May 1 is the feast day of Saint Joseph the Worker, reflecting his status as a carpenter and patron of workers.

While Saint Joseph has his principal feast day on March 19, the feast of Saint Joseph the Worker was introduced by Pope Pius XII in 1955 as an ecclesiastical counterpart to International Workers Day, also held on May 1.

Saint Joseph was the foster father of Jesus and is held up by the Church as a model of the holiness of human labour.

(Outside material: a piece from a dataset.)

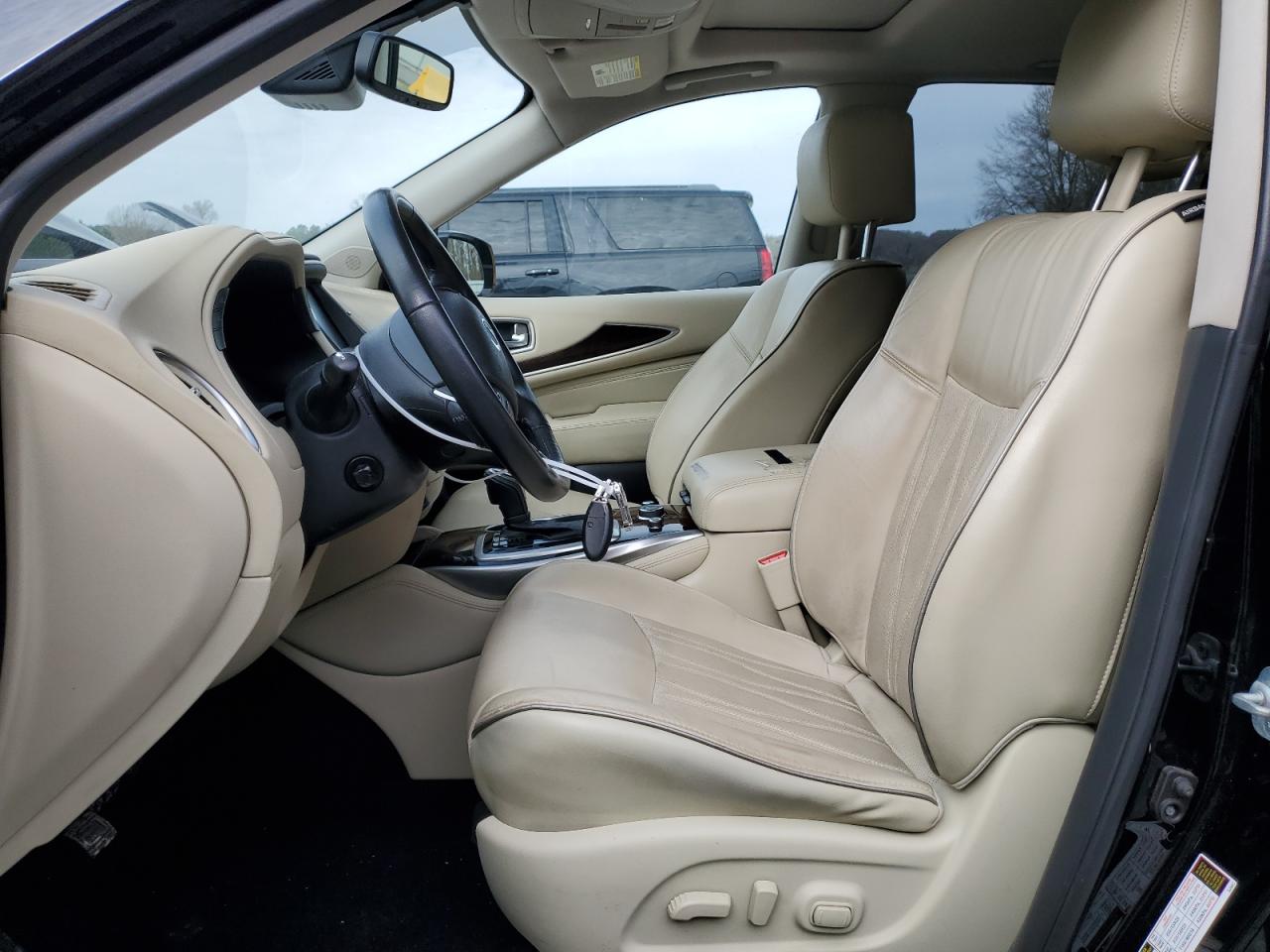 5N1DL0MM2HC513746 2017 Infiniti Qx60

In the Gospel of Matthew, Jesus is referred to as “the carpenter’s son”.

Pope Pius XII said Saint Joseph was a model of holiness to all workers.

“The spirit flows to you and to all men from the heart of the God-man, Savior of the world, but certainly, no worker was ever more completely and profoundly penetrated by it than the foster father of Jesus, who lived with Him in closest intimacy and community of family life and work,” he said.

The feast day was established to both honour Saint Joseph and to make people aware of the dignity of human work, which has long been celebrated as a participation in the creative work of God.

Pope John Paul II wrote in his encyclical Laborem Exercens: “the Church considers it her task always to call attention to the dignity and rights of those who work, to condemn situations in which that dignity and those rights are violated, and to help to guide [social] changes so as to ensure authentic progress by man and society.”